If I had a list of pages I needed to scrape in a text file, then I would definitely pipe that to wget, pipe the results to sed and output to a file. Or actually I might have wget output the results directly and then use Powergrep, my go to text processing tool on Windows, and have it generate the HTML.
3:25 pm on Mar 9, 2015 (gmt 0)

New User

joined:Mar 6, 2015
posts: 3
votes: 0


Thanks, ergo

How does wget name the files it downloads? Does it have to keep the original file name? Or can I force it to rename the files using the link text (as shown on the page). The latter would be helpful due to staff naming their files in various structures.
4:09 pm on Mar 9, 2015 (gmt 0)

Senior Member from US 

WebmasterWorld Senior Member lucy24 is a WebmasterWorld Top Contributor of All Time 5+ Year Member Top Contributors Of The Month

joined:Apr 9, 2011
posts:15705
votes: 812


Or actually I might have wget output the results directly and then use Powergrep, my go to text processing tool on Windows, and have it generate the HTML.

In the course of experimenting, I opened a window in Fetch to show a directory on my site, cmd-A, cmd-C (in That Other Platform I suppose it would be ctrl), opened a page in the text editor and said cmd-V. "Having reduced the problem to a previously solved one" * I didn't do the final stage, which is converting all those filenames into <a href blahblah. But anything that can be done manually can be done automatically with the appropriate program. (Er... it can, can't it?)
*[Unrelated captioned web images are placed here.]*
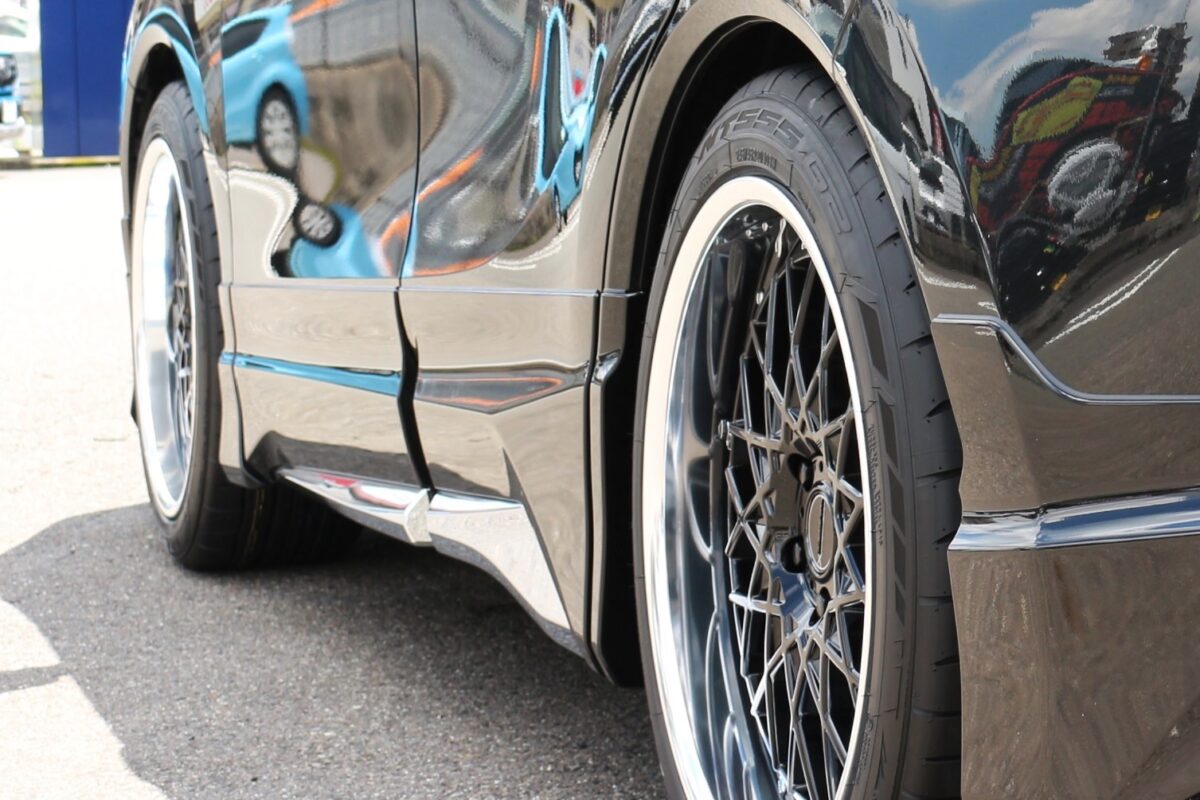 ハリアー ツライチ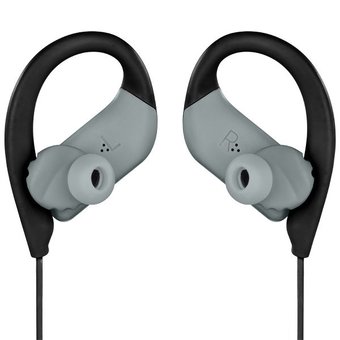  Наушники bluetooth JBL Sprint черный/серый (шейный обод) 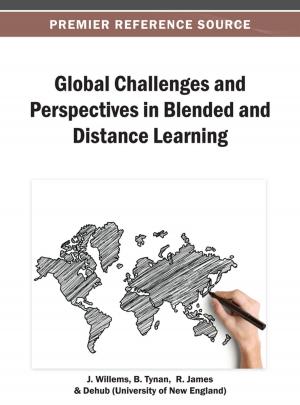 Cover of the book Global Challenges and Perspectives in Blended and Distance Learning by 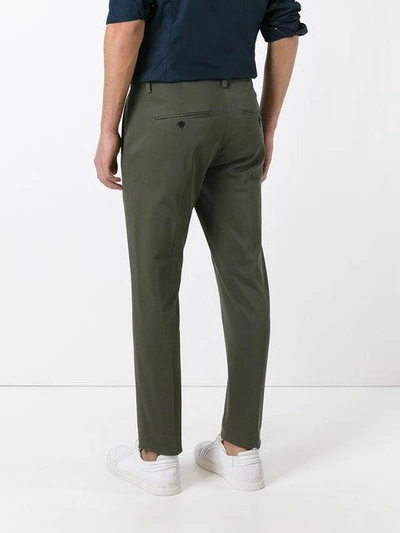 Shop Dondup Gaubert Trousers - Green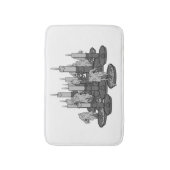 kaarsen badmat (Voorkant Verticaal)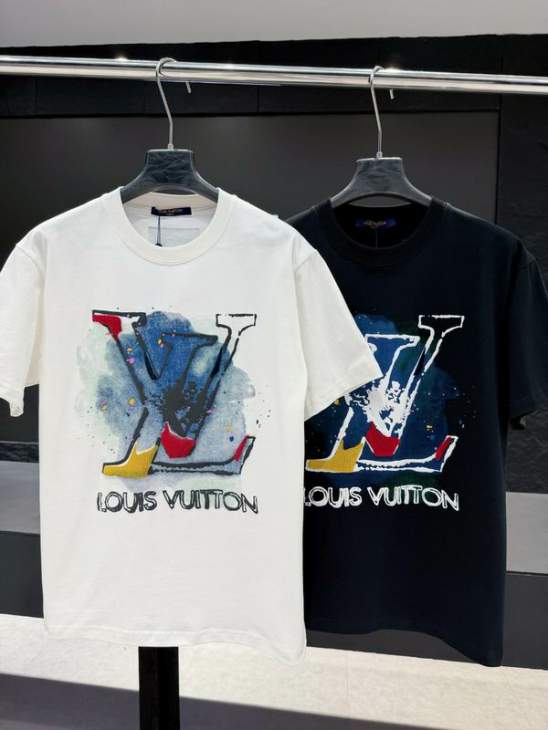 Picture of Louis Vuitton T Shirts Short _SKULVS-XLkctr2107415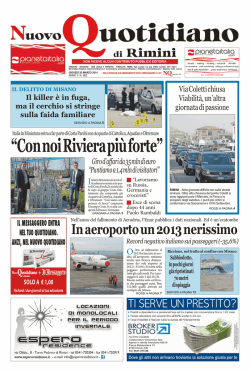 RIMINI - Virtualnewspaper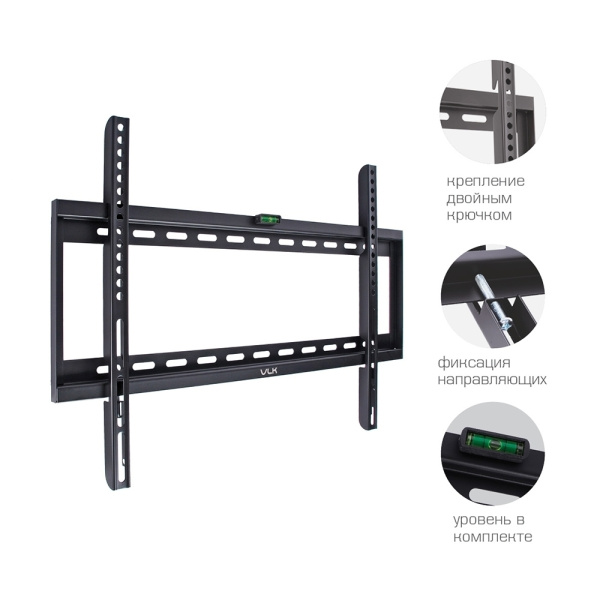 Кронштейн VLK TRENTO-31 чёрный для TV 32-90″ (арт. 51011)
How often does the list of available pdfs change? Continuously and dynamically, or is the uploading done by a single designated person?

Psst! Next passing moderator! Could you tweak the title of this thread? I keep thinking it's about displaying the content of a whole slew of pdfs all at once, which is a pretty ghastly notion.


* Punchline to approximately half of all mathematician jokes, ever.
1:45 am on Mar 10, 2015 (gmt 0)

Administrator

WebmasterWorld Administrator phranque is a WebmasterWorld Top Contributor of All Time 10+ Year Member Top Contributors Of The Month

joined:Aug 10, 2004
posts:11715
votes: 211


getting the list of pdfs linked from a list of pages is easy.
downloading that list of pdfs is easier.
maintaining and associating all the list content and structure for reuse is a harder problem.
1:47 am on Mar 10, 2015 (gmt 0)

Administrator

WebmasterWorld Administrator phranque is a WebmasterWorld Top Contributor of All Time 10+ Year Member Top Contributors Of The Month

joined:Aug 10, 2004
posts:11715
votes: 211


ps - i tweaked the thread title.
3:12 am on Mar 10, 2015 (gmt 0)

Senior Member from US 

WebmasterWorld Senior Member lucy24 is a WebmasterWorld Top Contributor of All Time 5+ Year Member Top Contributors Of The Month

joined:Apr 9, 2011
posts:15705
votes: 812


maintaining and associating all the list content and structure for reuse is a harder problem.

Generate it dynamically with preg-replace-blahblah in php-or-equivalent, cache the resulting file(s) for 24 hours or so to reduce server load, re-generate page(s) at some dead hour like 5AM local time?